US soft drinks firm Jones Soda has received a deficiency letter from Nasdaq because its share price has fallen below the minimum level required for continued listing on the Nasdaq Capital Market.
The letter pointed out that the bid price for the company's common stock closed below the minimum $1.00 per share minimum for 30 consecutive business days to 14 September. This puts it in contravention of the Nasdaq Marketplace Rule 5550(a)(2).
In accordance with Nasdaq rules, the company has been given an initial period of 180 calendar days, until 15 March 2010, to regain compliance.
In order to return to compliance, the bid price would have to close at $1.00 per share or more for a minimum of ten consecutive business days. Under some circumstances, Nasdaq has discretion to require compliance for a longer period but this is generally no more than 20 consecutive days.

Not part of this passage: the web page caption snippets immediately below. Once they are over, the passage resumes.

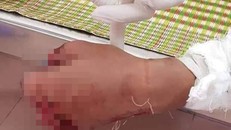 Quảng Trị: Vừa chơi game vừa sạc điện thoại, nam thanh niên bị bỏng nặng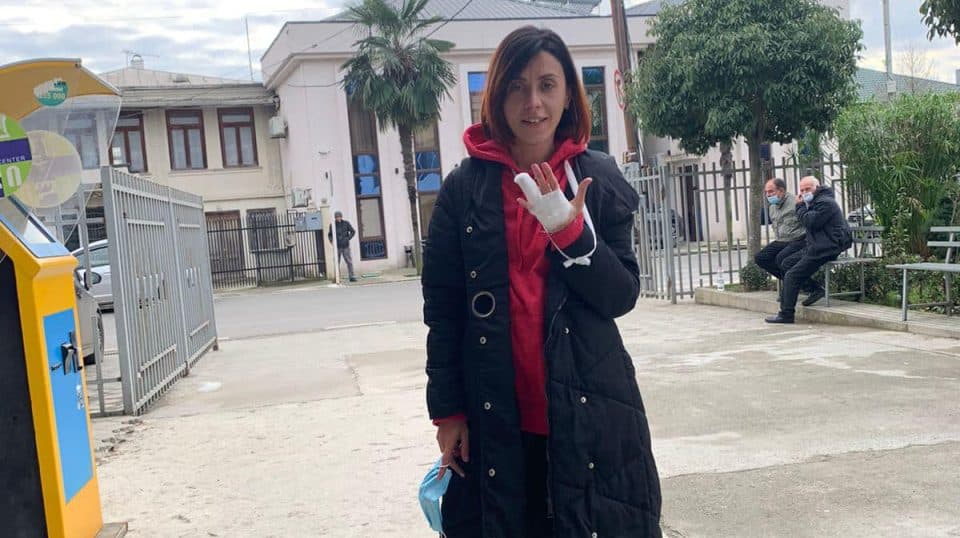 წითლიძემ “მონებო”-ს წერისას თითი მოიტეხა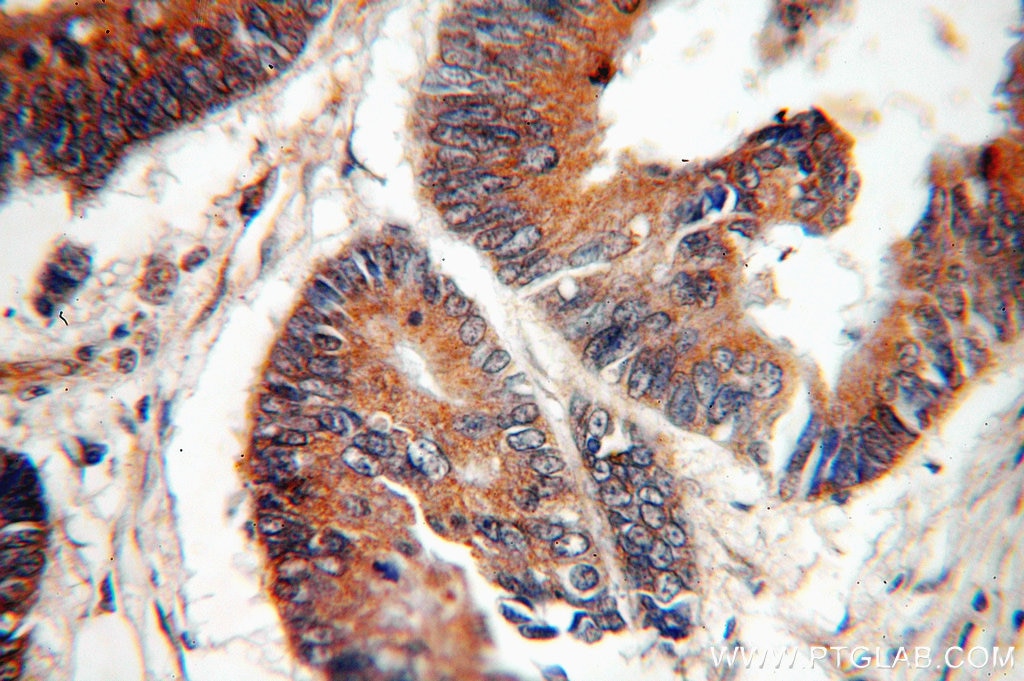 Immunohistochemistry (IHC) staining of human colon cancer tissue using RMC1 Polyclonal antibody (20111-1-AP)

On 15 March, 2010, Jones Soda would be eligible for a further 180-day period to return to compliance.
Last month, Jones Soda reported a narrowing of its net losses for the second quarter but said it still had "much work" to do in order to achieve long-term profitability. For the second quarter to 30 June, net losses fell by 28% to US$2m from the previous year's Q2 net losses of $2.7m.
President and CEO Joth Ricci said the company was pleased with efficiency gains that had been made but warned that further cost cutting would be necessary in the near future.